We also have some really great assignments. We are making bibliographies and writing small scholarly papers. We have to write a 5 page biography on any Puritan and have an attached bibliography of everything on that Puritan (from books to periodicals to journal entries). We also have to make a complete bibliography on the topic for our thesis. This assignment is a 20-30 page bibliography. We also have some 'problem sets' that we have to do. Dr. Beeke gives us a series of obscure theologians and theological topics and we have to find them in any number of places. The tricky part of this assignment is that there is information that we can only find at Calvin's Heckman Library and some information that can only be found at the Puritan Resource Room at our seminary. It is a definite treasure hunt.

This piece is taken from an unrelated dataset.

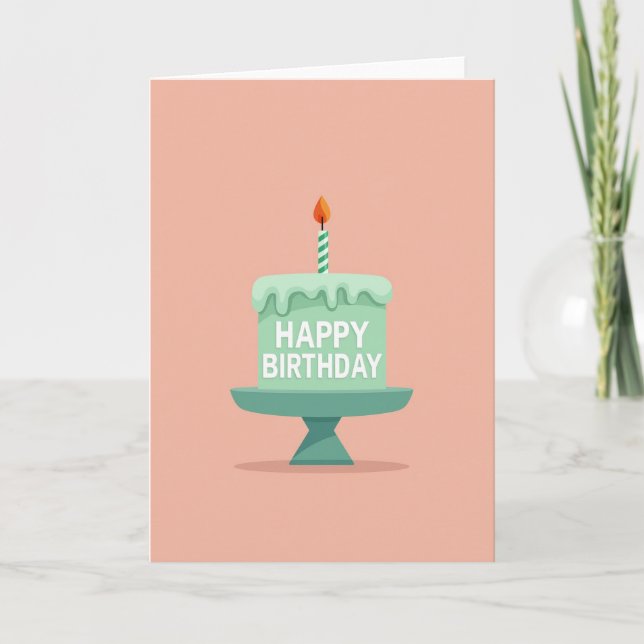 Mint Cake Birthday Card (Front)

We will also have some guest lectures by great researchers like Richard Muller from Calvin Seminary.

I am very excited about this class. I would recommend anyone who is serious about Reformed research to purchase the mp3s from the seminary. I am sure that this will help to make better pastors as well as scholars.

Here is the book list for the course:
  • Reference Works for Theological Research, Kepple and Muether
  • Reader's Guide to Reformed Literature, Beeke
  • Church History: Introduction to Research and Reference, Muller and Bradley
  • Manual For Writers, Turabian
  • Seven Laws of Teaching, Gregory
  • Elements of Style, Struck and White
  • Handbook for Scholars, van Luenen

04 February, 2007

Sabbath a'Brakel

Contentment engenders many good things. "And we know that all things work together for good to them that love God" (Rom. 8:28).

(1) There will be a quiet spirit, which is of great price in the sight of God (1 Pet. 3:4).
(2) There will be alienation from the world.
(3) It is a state in which there is prayer and communion with God.
(4) There is a frequent experience of the help of God.
(5) There will be gratitude.
(6) There is a longing for the state of glory.
(7) There is the manifestation of holiness (III: 393-394).